I was reading a totally unrelated book, in which the author pointed out that ‘righteousness’ used to mean ‘a right relationship with God and man’. This seems to be what the Brethren are hoping these changes will produce.


Bookslinger
November 1, 2018

It occurred to me just before EC posted her comment, that a soundbite explanation for the changes could be “‘Raise the Bar’ for parents.”


JRL in AZ
November 2, 2018

“Raise the Bar for Parents.” I love it. I am going to use that.


Bookslinger
November 3, 2018

G’s right. There are more factors and dimensions that COB didn’t take into account in his analysis.

There are some big-picture things going on. This is setting the stage for future developments.

Three points that immediately came to my mind were:
1) attention span of both children and adults. G’s diminishing returns.
2) 3 hours of sunday church meetings were turning off too many investigators and potential converts.
3) Socializing and fellowship has _not_ been happening as deeply and frequently as needed in and around our Sunday classes. Lowered attention span, etc, was causing people to arrive at the last second, and leave at first opportunity, and most people sit passively in classes, even with able teachers. And even with good classroom participation, that’s still not the same as fellowship and relationship-building.

I expect further emphasis/reminders on post-meeting socializing at the meetinghouse.


Agellius
November 5, 2018

“How will my children and their spouses seek to live after that model if the LDS church has ceased to teach it? Am I going to whisper privately to them about “old, purer ways” that even the church at large has forgotten, but we in our family preserve?”

Yeah. This is how I have been feeling for years.

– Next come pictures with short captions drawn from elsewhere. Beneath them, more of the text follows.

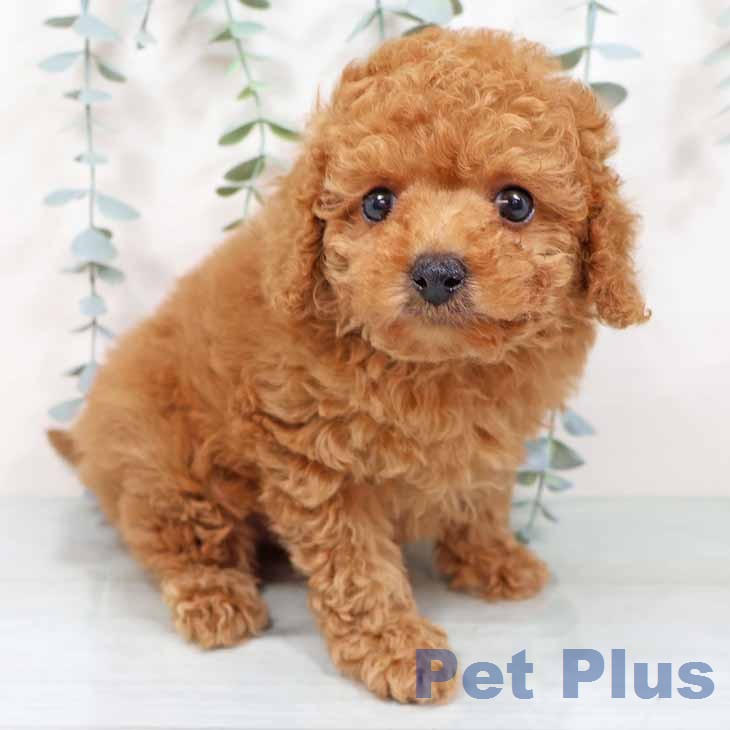 トイ・プードル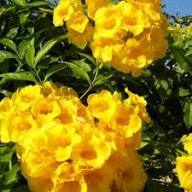 Yellow Eccremocarpus Flower Seeds – Heirloom Non-GMO High Germination Organic Seeds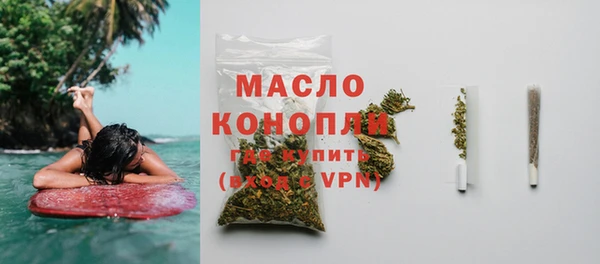 твердый Новозыбков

My explanation to my kids is that, yes, the Church of the present day seems to have forgotten these things. But the present-day Church is not the whole Church. The Church spans time as well as space, heaven as well as earth, the Church Triumphant as well as Militant. Being a remnant on earth doesn’t mean we’re divided from the Church. It may mean the present-day Church, in certain respects, is divided from the Church of the Ages. You only have to read books that are more than 50 years old to realize that we’re standing with the majority of the Church, in terms of time.

Fortunately we’re not that isolated even in the present. The Church is so big that even a minority adds up to many thousands, and we manage to find each other.